Just another life snuffed out, on just one stage among scores in the absurd pantomime theatre homo sapiens have set up across the world, you’d say. That should have been the end of the matter, but it wasn’t — common Iranians rose up in protest, led by young women and men, and tens of them died when they were shot at or beaten up by the police; hundreds are in jail, and many have been executed for ‘spreading corruption on earth’. A young man of 23, jailed and then executed over his role in protests against the government, left instructions that no religious text must be recited at his funeral.
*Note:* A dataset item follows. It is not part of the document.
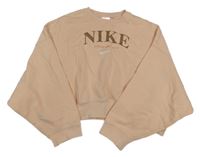 Pudrová oversize crop mikina s logem Nike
Don’t mourn on my grave, don’t pray, just celebrate and play celebrating music — that was Majidreza Rahnavard’s final act of defiance against the government and the religion he was born to.
At the height of the protest, a woman climber from Iran, Elnaz Rekabi, contested in an event in South Korea without a hijab or a headscarf — it was, clearly, an act of rebellion against Iran’s laws mandating compulsory hijab for women in public, but she later said it had fallen off ‘inadvertently’.
Less inadvertently, her family home was demolished — in late November, a video of her house, with her medals strewn on the ground, began to be circulated on social media. A news agency confirmed the house had indeed been demolished but explained that it was illegally constructed, without a permit. Demolishing houses and condemning them as ‘illegal’ — that sounds familiar. Evidently, extremists on the right, irrespective of the god they bow to, do think alike.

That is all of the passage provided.